No two clouds are exactly alike, and they are always changing their shape. The reason we have different types of clouds is that clouds formation takes place at different heights and temperatures. And clouds will be composed of different particles, depending on their height and temperature the highest clouds are called “noctilucent” clouds. They may be up as high as 30 to 59 miles! The next highest are called “nacreous” or “mother-of-pearl”. They are 12 to 18 miles high. They are very thin, beautifully colored clouds composed of dust or before sunrise.
The next highest clouds, which are five or more miles above the earth, are called “cirrus” clouds, “cirrostratus” clouds, and “cirrocumulus” clouds. The cirrus is feathery and threadlike, the cirrostratus is thin, whitish sheets, and the cirrocumulus is small, round clouds which from “mackerel” patterns in the sky. All these clouds are made of tiny bits of ice.
Lower clouds are made of little drops of water.
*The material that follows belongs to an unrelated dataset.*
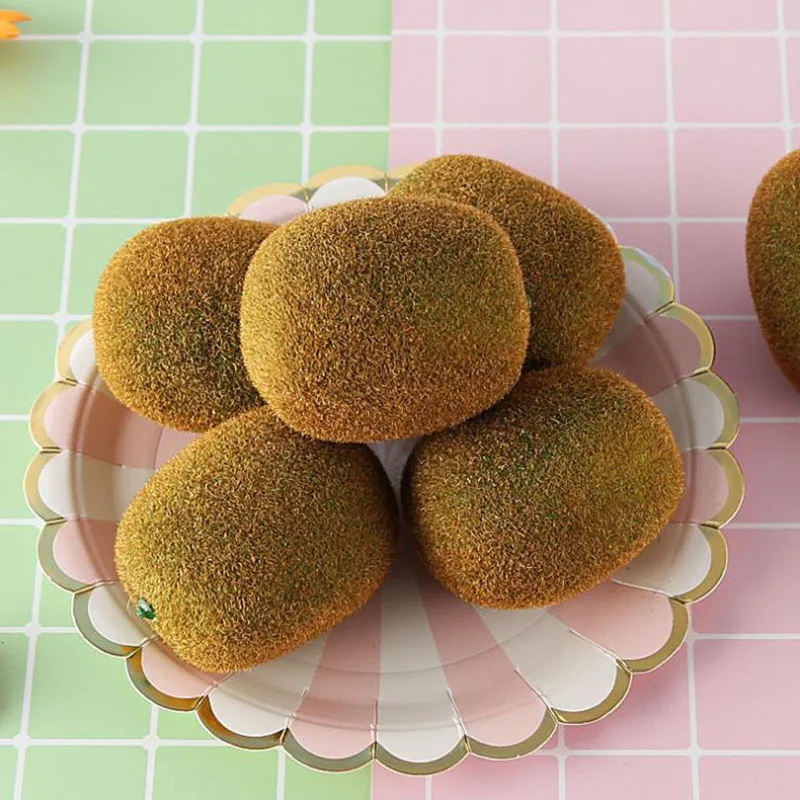 Искусственные фрукты имитация плода киви пены для дома Кухня стол сделай сам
The highest of these, the altocumulus clouds, are about two to four miles above the earth, and are made of larger, rounded masses than the cirrocumulus clouds. At the same levels are altostratus clouds, which often cover the whole sky with a grayish veil through which the sun and moon shine as spots of pale light.
Lower still, about a mile high are the stratocumulus clouds, large and lumpy. At the same level are the rain clouds, the nimbostratus, thick, dark, and shapeless. Very low, less than 2,000 feet above the ground, are the stratus clouds, which are sheets of high fog. Two other kinds of clouds, the cumulus, and the cumulonimbus, are the big, fat, “cauliflower” clouds that bring thunder storms.